そりゃさ、僕も”あえて”共演者のお名前は聞いたりしてこなかったし、当日になってのお楽しみ的な感じでもいたけどさ…
でもお友達なら話は別でしょ?
「私もね、最初このお話頂いた時、お断りしようと思ったのよ? 近藤監督とは以前にもお仕事したことあったから、ギリギリまで直接掛け合ってもみたんだけど、結局押し切られちゃって…」
「そう…だったんだ…?」
あ、もしかして…
僕がこの間マンションにお邪魔した時、やけに不機嫌だったのって、もしかしてこのことが原因だったの?
そんなことも知らずに僕、NINOのこと責めるようなこと言っちゃったかも…
「なんか…、僕もごめんね? 全然知らなくて…」
「ううん、気にしないで? でもね、一度受けた仕事だから、友達とか…そういう私情みたいなのは抜きにして、真剣に向き合わせて貰うけど、HIMEちゃんはそれで良い?」
「うん…」
そうだよね…、NINOだって本当は受けたくなかったお仕事なのに、受けざるを得ない状況だった、ってことだもんね?
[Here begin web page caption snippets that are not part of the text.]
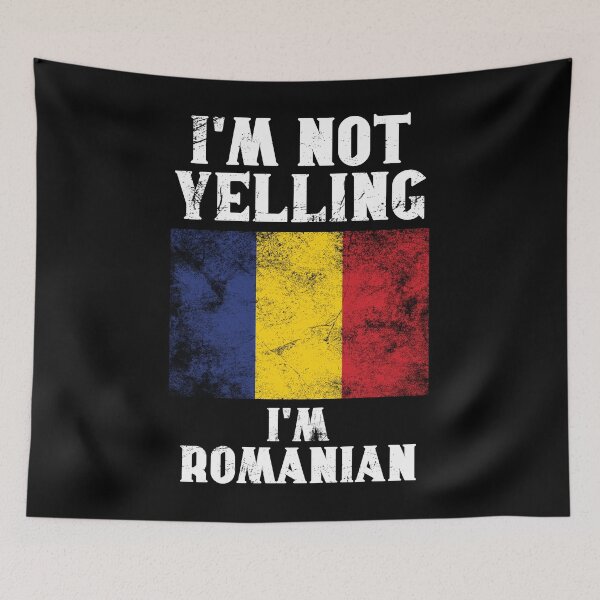 Item preview, Funny Romanian Gift: I'm Not Yelling, I'm Romanian - Retro Romania Flag - Romania Pride designed and sold by Adexyl.
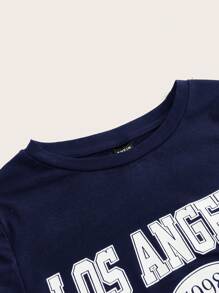 SHEIN EZwear 女士短袖字母印花t恤 - 藏蓝色 - 查看 4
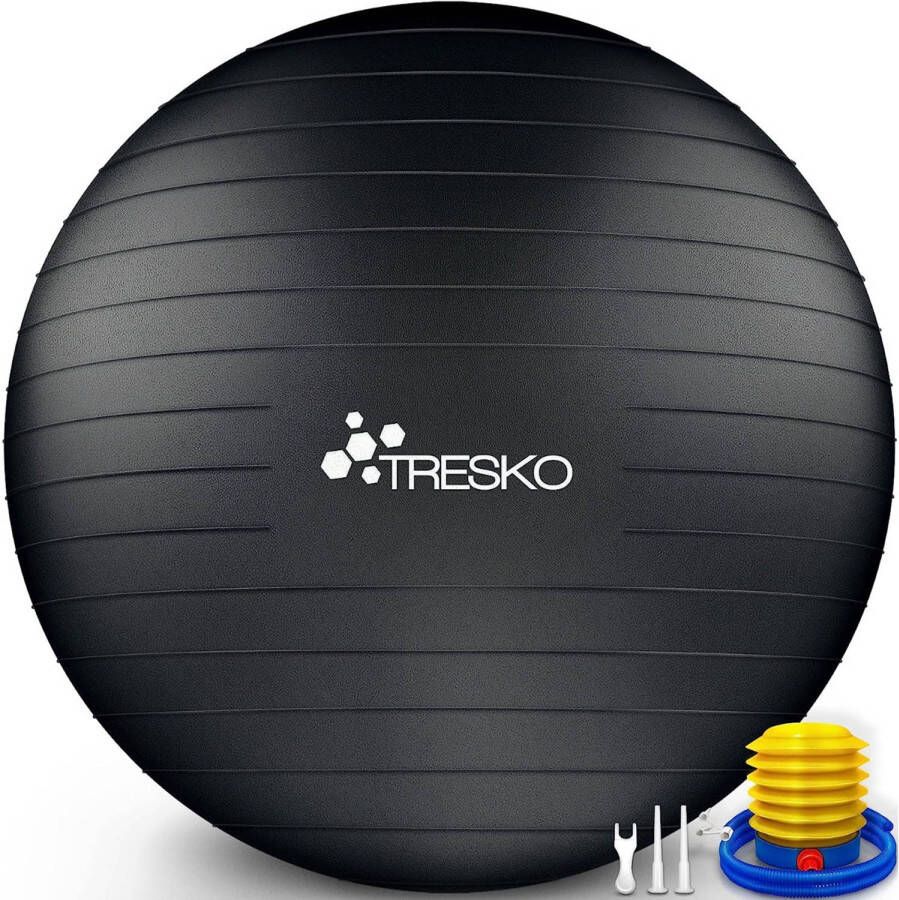 Tresko Yogabal zwart 55 cm Trainingsbal Pilates gymbal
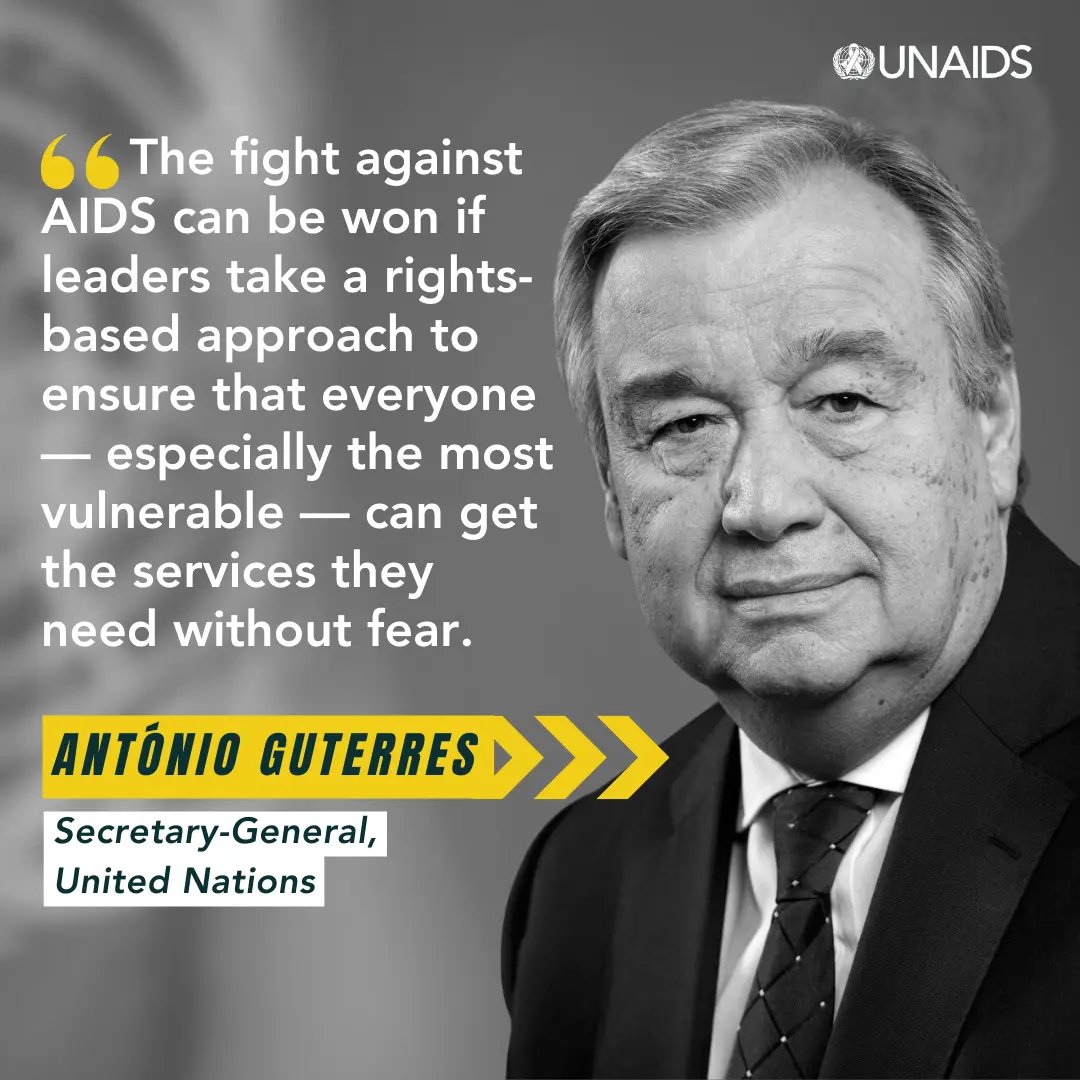 "This year’s World AIDS Day reminds us the fight against AIDS can be won if leaders take a rights-based approach to ensure that everyone — especially the most vulnerable — can get the services they need without fear." <a href="/UN/">United Nations</a> Secretary-General <a href="/AntonioGuterres/">António Guterres</a> for <a href="/UNAIDS/">UNAIDS Global</a> <a href="/UNESCO/">UNESCO 🏛️ #Education #Sciences #Culture 🇺🇳</a>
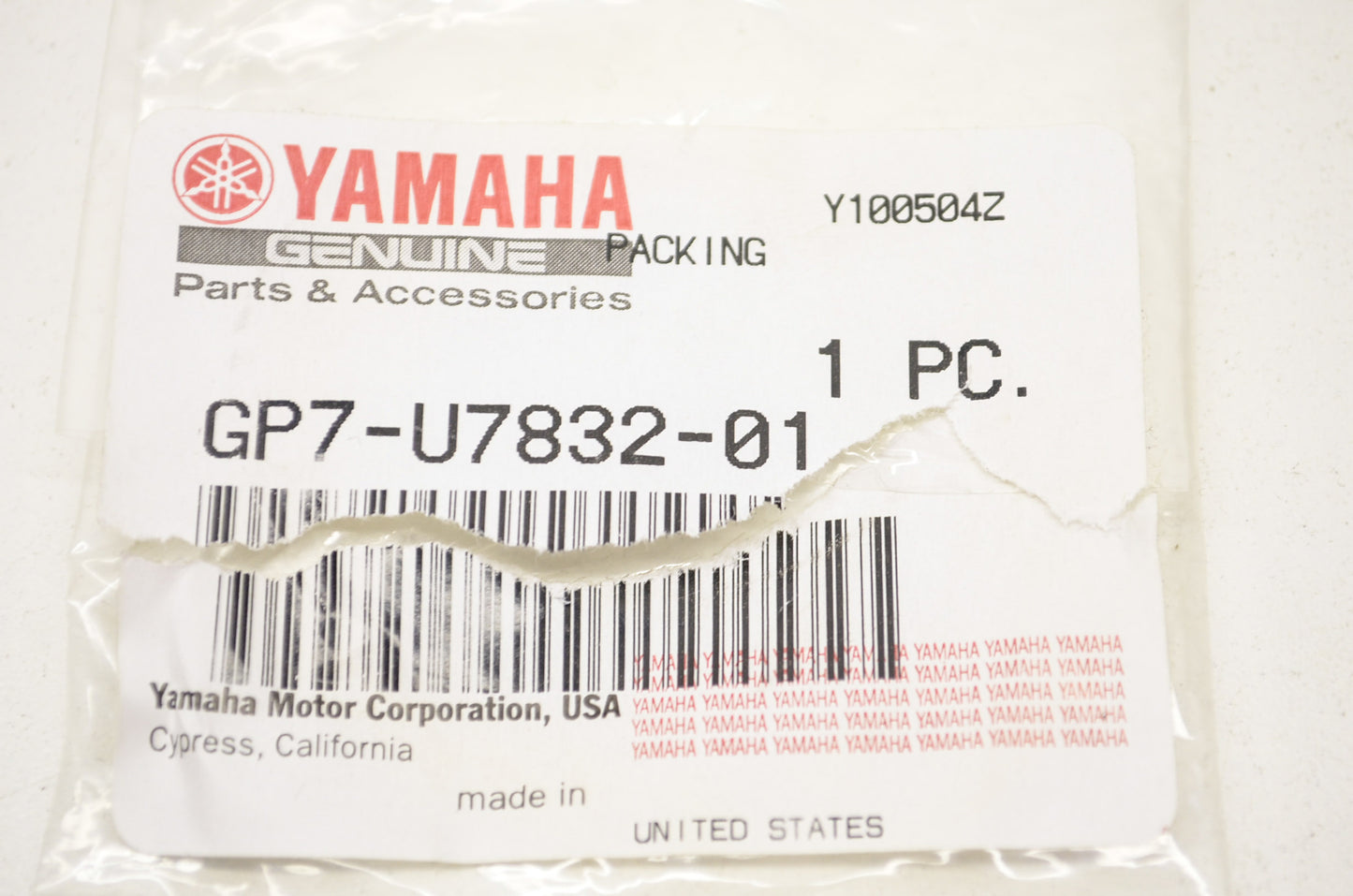 New OEM Yamaha GP7-U7832-01-00 Packing NOS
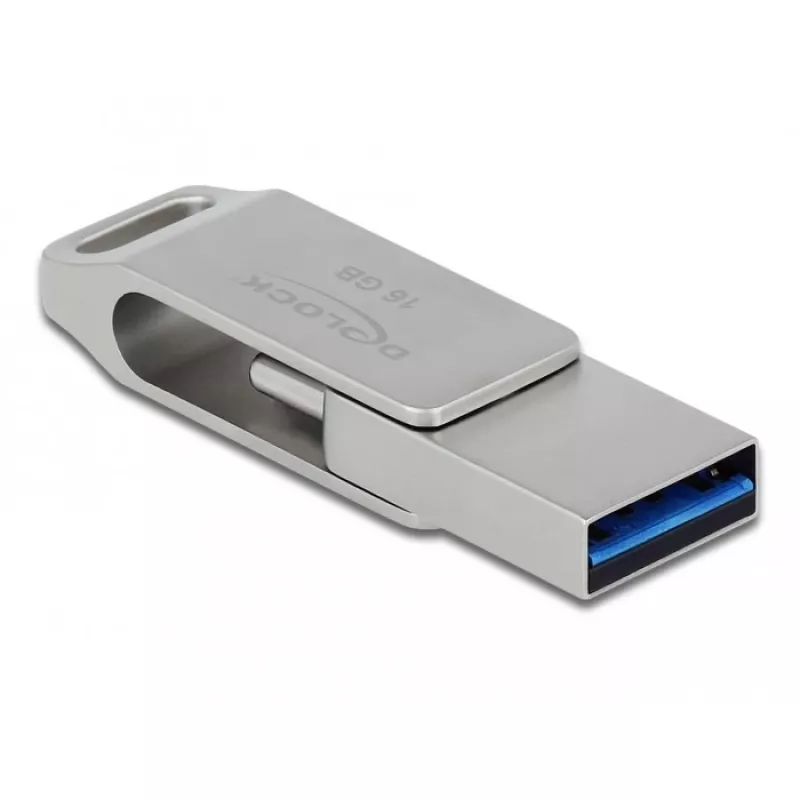 Pen USB DeLOCK 16GB USB-C Type-A caixa metálica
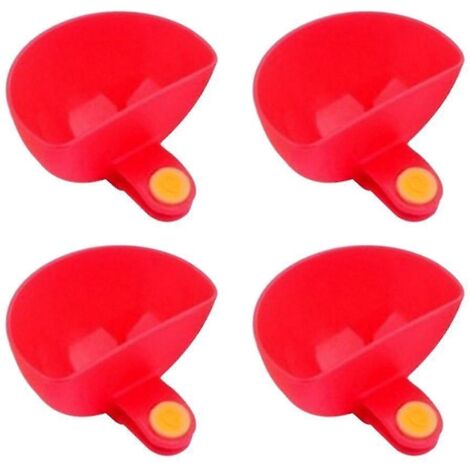Lot de 4 porte-sauces à pince pour assiettes, avec pinces à sauce, contenants à sauce rouges (1/3)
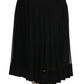 Elegant Black Silk Blend Pleated Midi Skirt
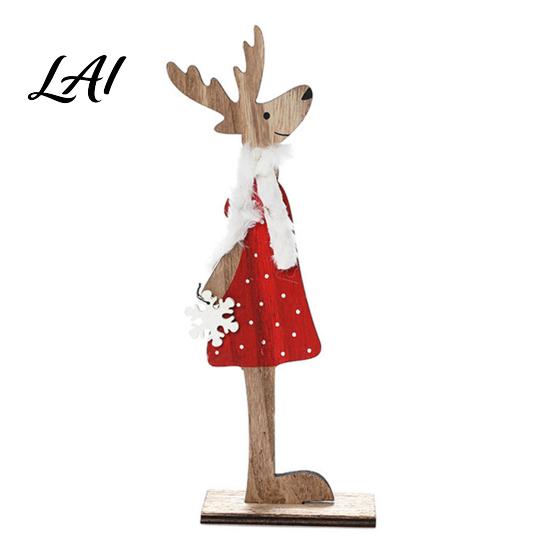 Rustic Holiday Centerpieces for Home Wooden Christmas Reindeer Figurines Handpainted Couple Elk Tabletop Ornaments Xmas Small Decorations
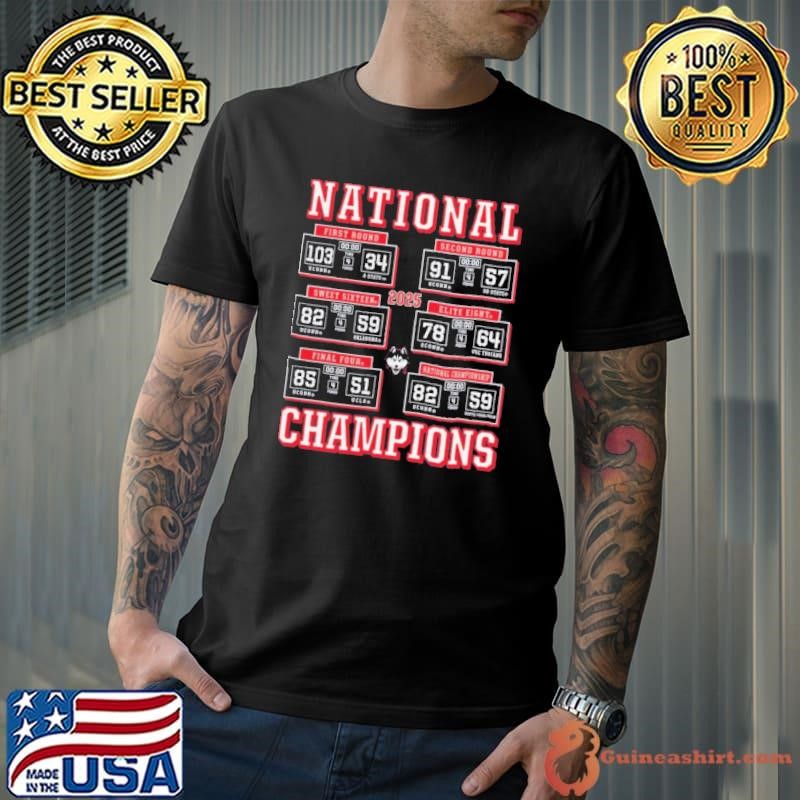UConn Huskies Navy 2025 NCAA Women’s Basketball National Champions Schedule Shirt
きっとNINOだけじゃなく、相葉さんや松本さんも今のNINOと同じ思いでいるんだろうね?
それでも一度受けたお仕事だから、って真剣に向き合おうとしているのに、僕がこんなじゃダメじゃん…
でもさ、頭ではちゃんと分かってても、やっぱり話して欲しかったな、って思っちゃうのは僕のわがままなの?
「さ、そろそろ戻りましょ? 近藤監督って、ああ見えて意外と時間には煩いのよ?」
「そうなの?」
全然そんな風には見えなかったけど、長瀬さんもそうなんだけどさ、ちょっぴりむさ苦しくて暑苦しそうな人って、見た目に寄らず案外時間とかキッチリした人が多いのかも?